Provided information:
+ + + + + + +
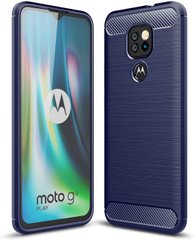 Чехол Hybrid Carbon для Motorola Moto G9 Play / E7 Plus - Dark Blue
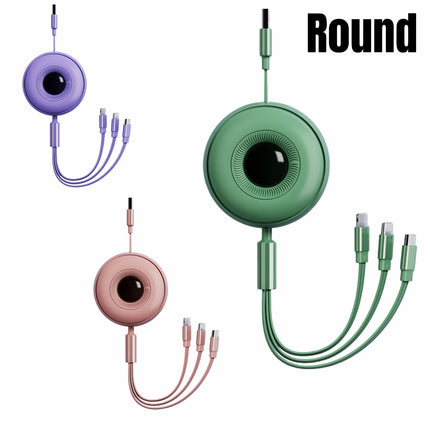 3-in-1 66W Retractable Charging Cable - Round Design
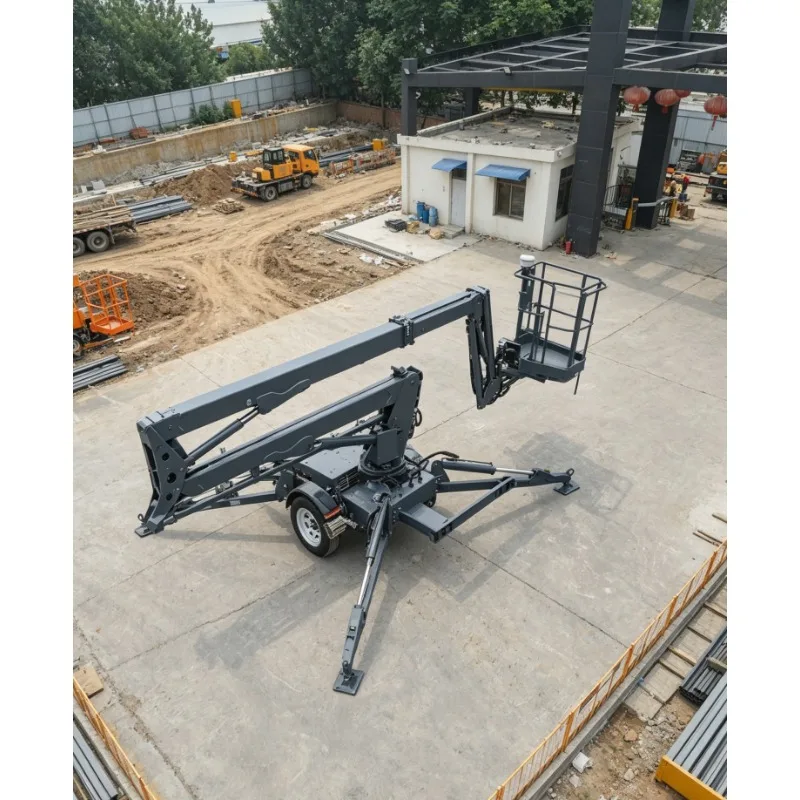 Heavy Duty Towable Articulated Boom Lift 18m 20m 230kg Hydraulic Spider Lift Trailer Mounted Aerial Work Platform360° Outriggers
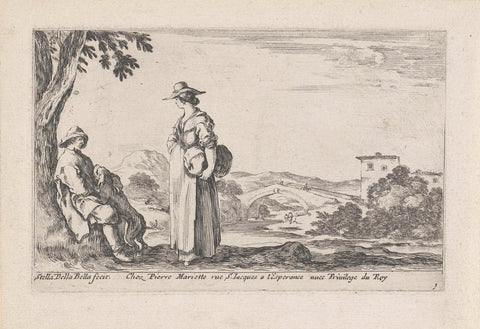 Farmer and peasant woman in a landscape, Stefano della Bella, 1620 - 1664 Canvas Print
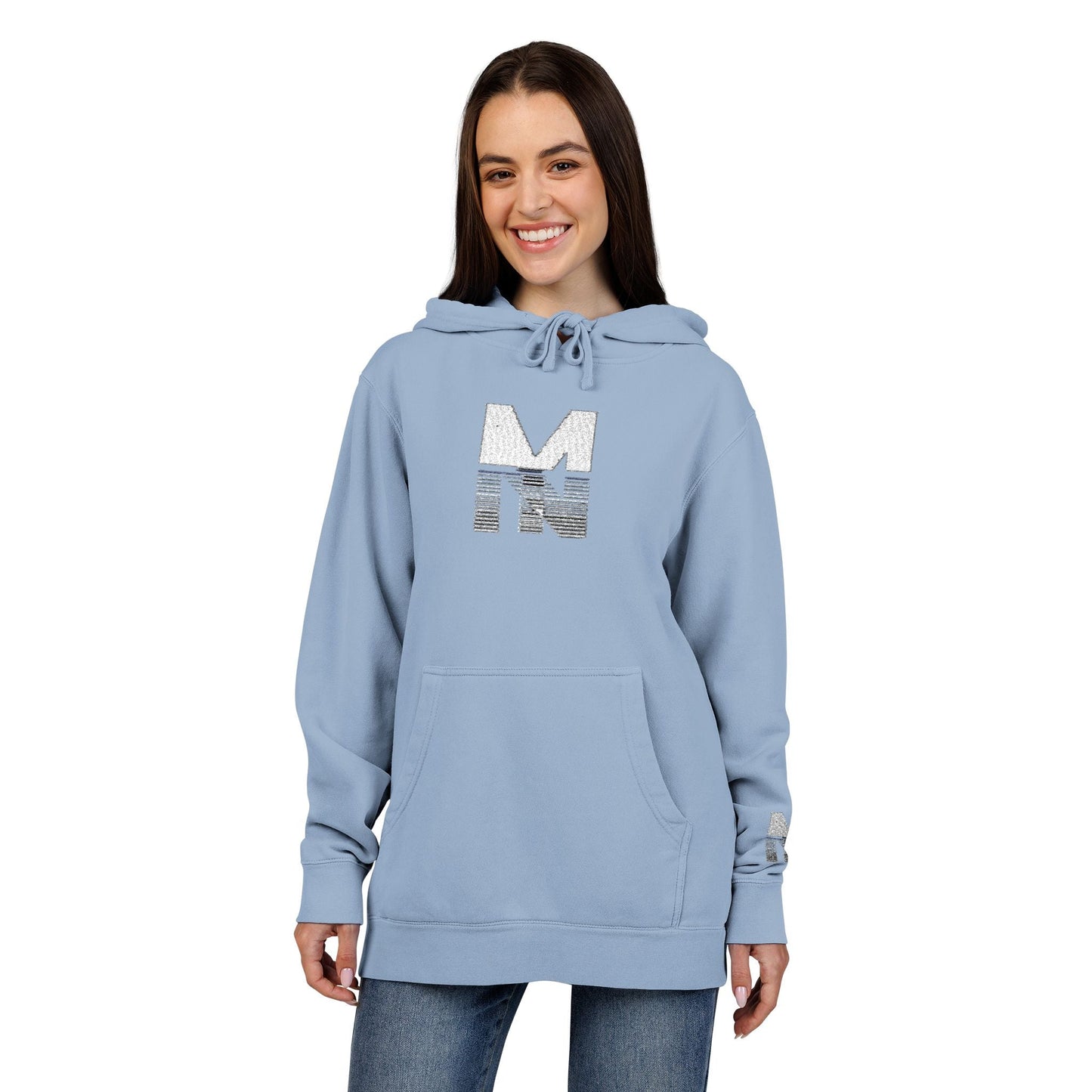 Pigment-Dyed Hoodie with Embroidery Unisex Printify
+ + + + + + +
Task goal: Each record has to be set down verbatim, and the pictures must not appear in the copy.

Response area:
 Чехол Hybrid Carbon для Motorola Moto G9 Play / E7 Plus - Dark Blue
 3-in-1 66W Retractable Charging Cable - Round Design
 Heavy Duty Towable Articulated Boom Lift 18m 20m 230kg Hydraulic Spider Lift Trailer Mounted Aerial Work Platform360° Outriggers
 Farmer and peasant woman in a landscape, Stefano della Bella, 1620 - 1664 Canvas Print
 Pigment-Dyed Hoodie with Embroidery Unisex Printify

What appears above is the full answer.